Feel free to click on any of the time periods above to view that specific article (if you cannot click on it, that means it is not available).
Other Things to Keep an Eye Out For:
There will be several screenshots throughout this project. Here is a breakdown of some of the things they will be telling you:
Performance Metrics Summary for Classification Model
· Accuracy (#correct): This row represents the total number of correct predictions made by the classification model, indicating how many instances were classified correctly.
· Accuracy (%correct): This row shows the percentage of correct predictions made by the model, providing an overall measure of its accuracy.
· Specificity: This row indicates the proportion of true negatives (Predicted Non-Hall of Famer and Actual Non-Hall of Famer) correctly identified by the model, representing its ability to correctly classify negative instances.
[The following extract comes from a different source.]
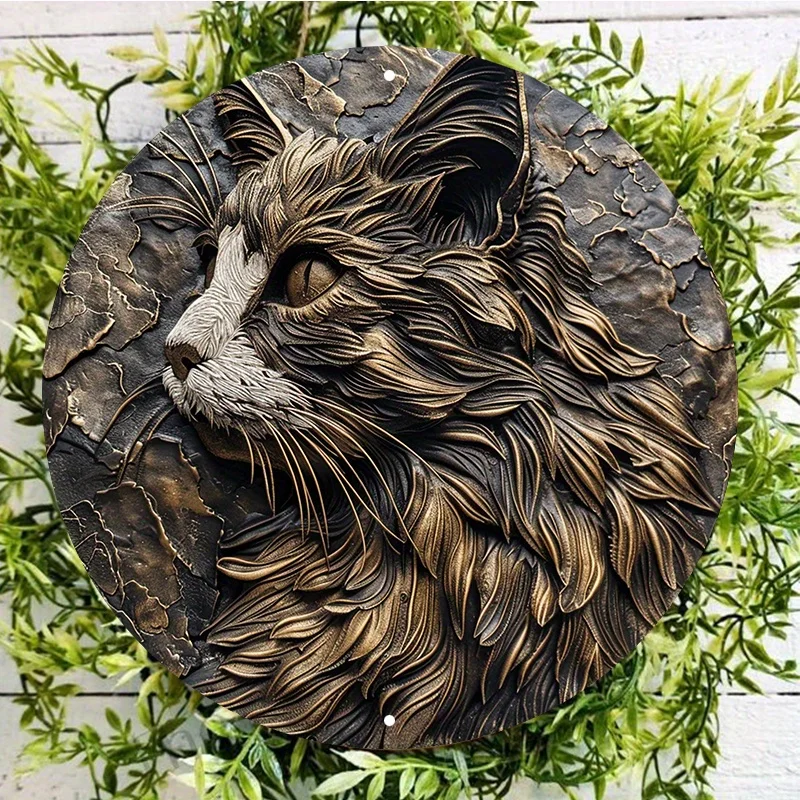 

Cat Image Aluminum Metal Sign, Waterproof and Weather Resistant Wall Decor, Pre-Drilled Holes, Round Artwork for Door Hanger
· Sensitivity (Recall): This row reflects the proportion of true positives (Predicted Hall of Famer and Actual Hall of Famer) correctly identified by the model, indicating its ability to correctly classify positive instances.
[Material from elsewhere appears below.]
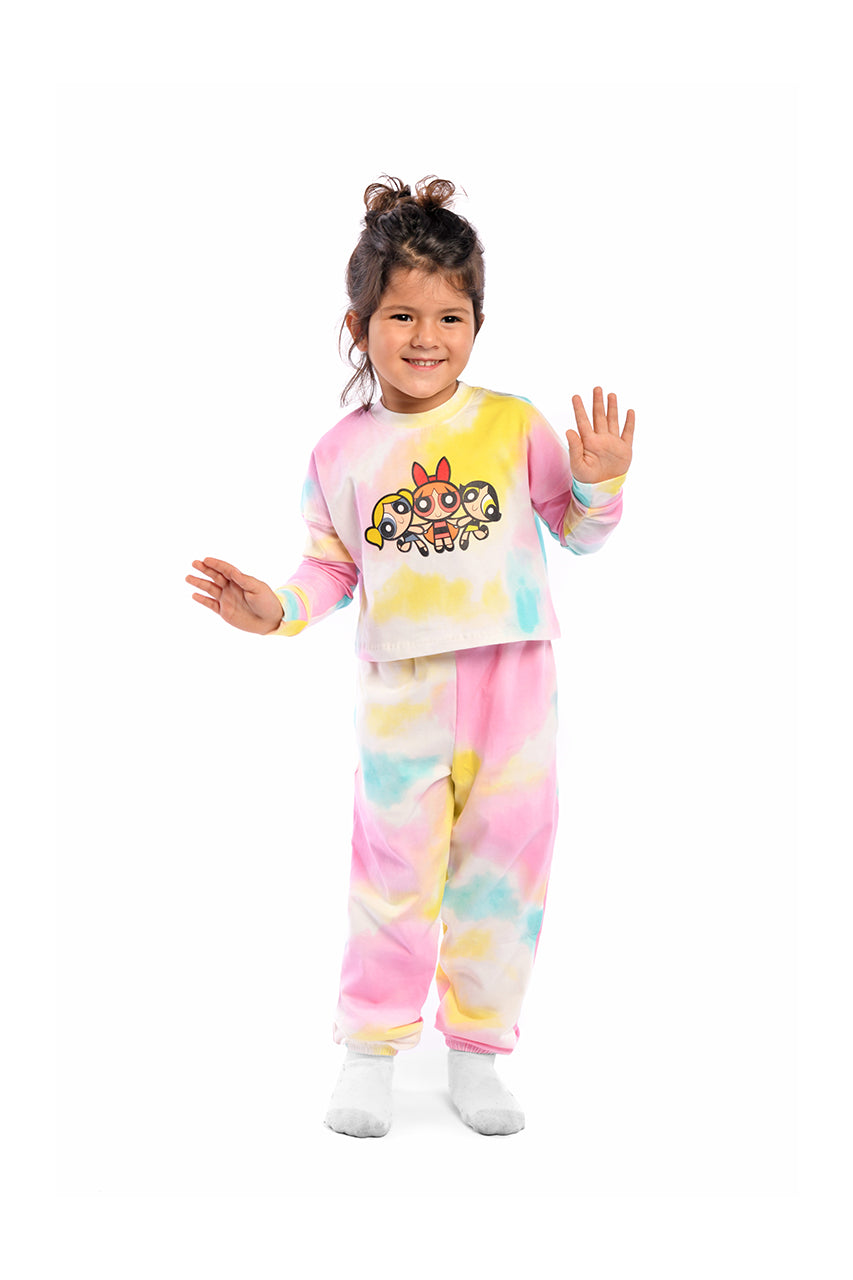 Girl's winter cotton pajamas with power puff print  - front view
· Precision: This row represents the proportion of true positives (Predicted Hall of Famer and Actual Hall of Famer) among all instances predicted as positive, providing an insight into the model's precision or positive predictive value.
· F1 score: This row presents the harmonic mean of precision and recall, providing a single metric that combines both precision and recall into a single measure of performance.
· Success Class: This row indicates the class considered as the success class in the classification model (Hall of Famer).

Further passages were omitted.